Digital Diagnostics revolutionising the healthcare landscape


The healthcare industry is experiencing unprecedented levels of disruption via several emerging technologies such as Artificial Intelligence (AI), big data analytics, wearable medical devices, the Internet of Things (IoT), Virtual Reality (VR), etc. These technologies are rewiring the conception of the healthcare landscape. Furthermore, the convergence of digital technologies and diagnostic tests sets the stage for advancing and improving patient experience and outcomes.

Emerging technologies – for precision medicine

Diagnostics play a cardinal role across the entire healthcare spectrum-from screening, detection, and prognosis to patient stratification and condition monitoring. Although the diagnostics industry accounts for just two to three per cent of all healthcare spending, it influences over 70 per cent of medical decision-making.

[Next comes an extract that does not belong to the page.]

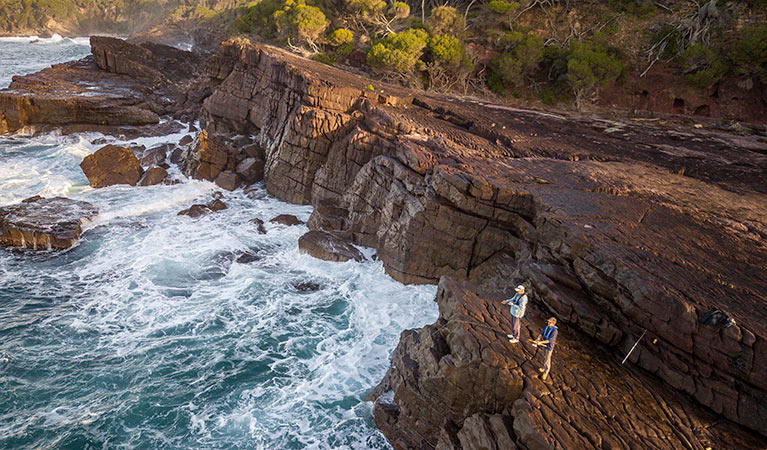 2 people fishing from the top of the rocks near Bittangabee Bay. Photo: John Spencer &copy; DPIE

Digital diagnostics can significantly influence clinical decision-making by providing a range of tools for the collection, presentation, and interpretation of patient data, including deidentifying patient pools or curating tumor mutation datasets, matching patients to clinical trials, and enabling multidisciplinary collaboration. When patient data from multiple modalities—such as clinical chemistry, biomarkers, genomics, and imaging are collated and presented in context, the physician is provided with an information-rich overview of the patient. Thus, digital diagnostic enables both depth and breadth of information for a particular patient facilitating precision medicine and fine-tuning patient care to molecular and genomic levels.

AI and Diagnostics

AI holds the promise of revolutionising predictive healthcare and providing a more timely and accurate diagnosis. Its adoption has helped in improving diagnostic services for noncommunicable diseases such as heart attack, cancer, diabetes, and stroke. AI-assisted digital scanning technology has proved to be a game-changer amid the growing concern about rising cancer cases in India. By enabling digital conversion at the site, AI has made it possible for pathologists to review samples remotely, without having to ship them to the reference laboratory. This has largely aided cancer detection and disease management. Such innovative technology allows for rapid testing near the patient, including in their homes, which can help facilitate better disease diagnosis, monitoring, and management. It can also reduce the time to results, as travel time for samples and results is reduced or eliminated.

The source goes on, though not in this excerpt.